A LITTLE BACKGROUND:
When I was 16 years old, I always thought I would of been a web designer. Working with a talented coder named Steve Eakin, we created SECOmedia, which created web design, flash animations, and pretty much anything you could think of for gamers.
They were interesting clients. Not financially interesting but the brief was always the same: Do something cool.
After a few years of failing interviews, I landed an internship at SPARK, an advertising agency in Tampa, FL. SPARK taught me all there was to know about advertising and focusing on the right idea instead of just the right execution. Yet I was stubborn, and refused to believe ideas were more important than how good it looked.
It wasn’t until we created the “Hello” campaign for Bayfront Baby Place, my very first legit campaign idea, that I fell in love with the idea process.
The SPARK Red Party needed a hype video to be created and so Tony Miller, the CFO at SPARK, asked me if I knew how to video edit. Well, I was an intern, so of course I said yes (but in reality I had no idea). Needless to say, I learned how to edit and use motion graphics literally over night to tell a story and fell in love with it ever since.
From there I moved on to 22squared, an internationally recognized advertising agency, and learned what it was like to roll with the big boys. Creating award winning campaigns while at the same time helping to execute those campaigns.
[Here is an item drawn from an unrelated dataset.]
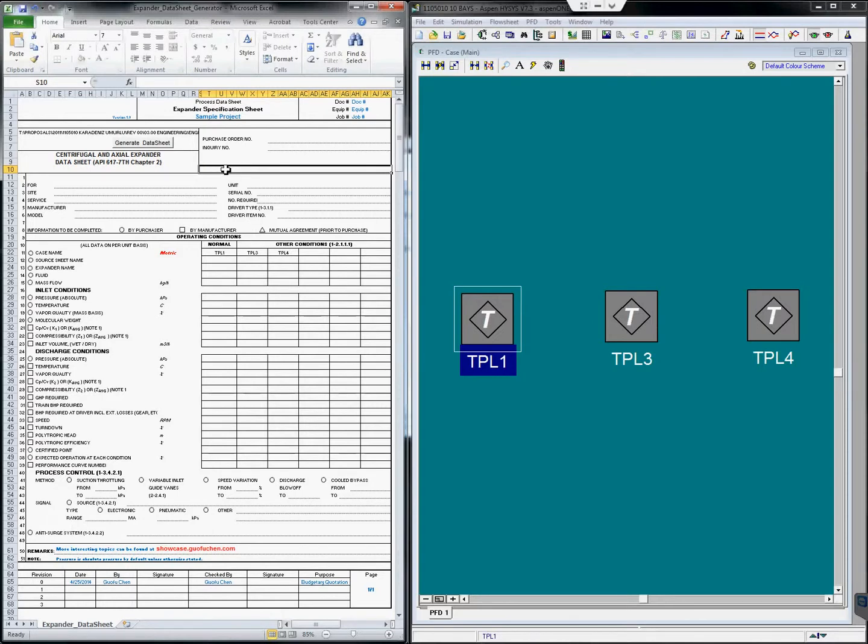It is so much fun being a process engineer doing all kinds of magic calculations in Aspen Hysys. But when it comes to generating process data sheet specifications, it is so frustrating.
My ambition, creative drive and hatred of the interview process inspired me to take that giant leap down the path of entrepreneurship. Thus, Slice was born.
We believe ideas should be just as important as the execution. It’s not just being able to put footage or graphics together. It’s being able to make an idea come to life.
The truth is, every production company has the same set of tools in their shed to play with. All the latest cameras and drones to get footage or the latest plug-ins to make your logo come in and out of frame. After being a part of the idea side for over 8 years, I realized that regardless of how it’s done, the idea is what people remember.
Evoking human emotion from a kernel of truth, should be the forefront of any execution. We believe that answering the question of WHY is more important than the what and the how you offer it. Slice was created on that principle.
Slice took the idea side and married it with the production side. We believe that knowing how to work with ideas as a creative as well as the technical skills of a production company is an invaluable tool. Even more so in today’s world of content creation. You could say we’re ‘idea-design-centric.’